Quintana is +3/4 kg to Pozzovivo and Contador is +6/7 kg to Quintana. A huge difference. And, answering to the users above, Pozzovivo had some good ITTs in the past, it’s just complicated to keep a high standard. That said, training ITT is very important… but you’re not training in something else (besides needing expert coaching and often some material structure, too).

GrahamG May 20, 2018 at 11:03 am

Any views on how Sky will play this now? Will they go all out for a podium (at a huge stretch, a win) and what does that mean tactically? I am thinking they will want to make it very hard in the mountains , to distance Dumoulin and hope Yates cracks. If Yates and Michelton can weather the storm this may be a positive for them.

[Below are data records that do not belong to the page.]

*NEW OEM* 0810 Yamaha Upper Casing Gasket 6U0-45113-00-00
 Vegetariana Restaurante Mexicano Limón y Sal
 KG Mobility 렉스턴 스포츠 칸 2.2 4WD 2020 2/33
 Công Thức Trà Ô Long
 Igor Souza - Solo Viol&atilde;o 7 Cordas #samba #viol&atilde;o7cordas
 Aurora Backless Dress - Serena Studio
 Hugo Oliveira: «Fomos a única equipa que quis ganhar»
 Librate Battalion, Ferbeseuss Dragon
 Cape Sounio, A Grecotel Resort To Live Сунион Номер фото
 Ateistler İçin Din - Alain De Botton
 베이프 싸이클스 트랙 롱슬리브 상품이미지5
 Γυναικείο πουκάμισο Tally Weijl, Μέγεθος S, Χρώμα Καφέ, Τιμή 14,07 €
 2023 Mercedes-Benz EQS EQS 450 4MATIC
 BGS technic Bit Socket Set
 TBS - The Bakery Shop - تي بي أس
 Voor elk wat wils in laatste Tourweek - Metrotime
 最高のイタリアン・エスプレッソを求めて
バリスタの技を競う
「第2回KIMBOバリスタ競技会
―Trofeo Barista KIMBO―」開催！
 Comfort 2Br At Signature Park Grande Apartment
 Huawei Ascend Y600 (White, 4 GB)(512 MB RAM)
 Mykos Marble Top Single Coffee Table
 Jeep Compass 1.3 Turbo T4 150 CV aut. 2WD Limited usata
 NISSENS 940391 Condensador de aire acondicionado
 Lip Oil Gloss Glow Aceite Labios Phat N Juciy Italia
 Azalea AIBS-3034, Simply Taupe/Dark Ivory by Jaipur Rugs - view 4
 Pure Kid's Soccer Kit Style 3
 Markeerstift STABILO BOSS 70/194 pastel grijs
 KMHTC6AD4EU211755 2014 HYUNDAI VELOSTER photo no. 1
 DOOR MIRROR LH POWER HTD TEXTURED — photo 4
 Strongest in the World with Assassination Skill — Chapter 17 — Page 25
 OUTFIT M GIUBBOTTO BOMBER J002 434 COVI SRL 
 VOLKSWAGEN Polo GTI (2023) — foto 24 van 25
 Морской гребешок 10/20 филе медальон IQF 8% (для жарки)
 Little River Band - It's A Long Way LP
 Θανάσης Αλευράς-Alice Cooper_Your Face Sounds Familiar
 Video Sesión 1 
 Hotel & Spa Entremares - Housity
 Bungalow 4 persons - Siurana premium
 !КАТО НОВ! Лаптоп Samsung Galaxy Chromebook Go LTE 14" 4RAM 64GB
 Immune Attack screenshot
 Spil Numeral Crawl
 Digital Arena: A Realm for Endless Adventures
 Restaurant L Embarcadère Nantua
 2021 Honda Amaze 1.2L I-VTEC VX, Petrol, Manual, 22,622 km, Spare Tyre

GrahamG May 20, 2018 at 11:09 am

The other option being that Froome now feels he’s earned his money and rides more with an eye on Paris than Rome.

Michele May 20, 2018 at 11:30 am

I’m hoping the Sky train doesn’t now take over & ruin my favourite GT.

Martin D May 20, 2018 at 11:58 am

+1

Ecky Thump May 20, 2018 at 12:34 pm

Depending on the TT results, I think that you gentlemen may be disappointed.
If Froome is in contention after stage 16, you bet your bottom Euro that the Sky train will be leaving stage 17.
Yates’ and Dumoulin’s climbing support are going to come under serious pressure next week. Serious.

Frank Carbo May 20, 2018 at 11:09 am

I’ve been busy in the last few weeks, so that was the first stage of this year’s Giro I had a chance to see, and I found it thrilling in the final 1,500 metres, when it looked like Yates might catch Froome. The Zoncolan is incredible as a spectacle, but so steep that is the only way to score serious time is for the other guy to crack, which incentivises riggers to ride just within themselves, like 400m runners.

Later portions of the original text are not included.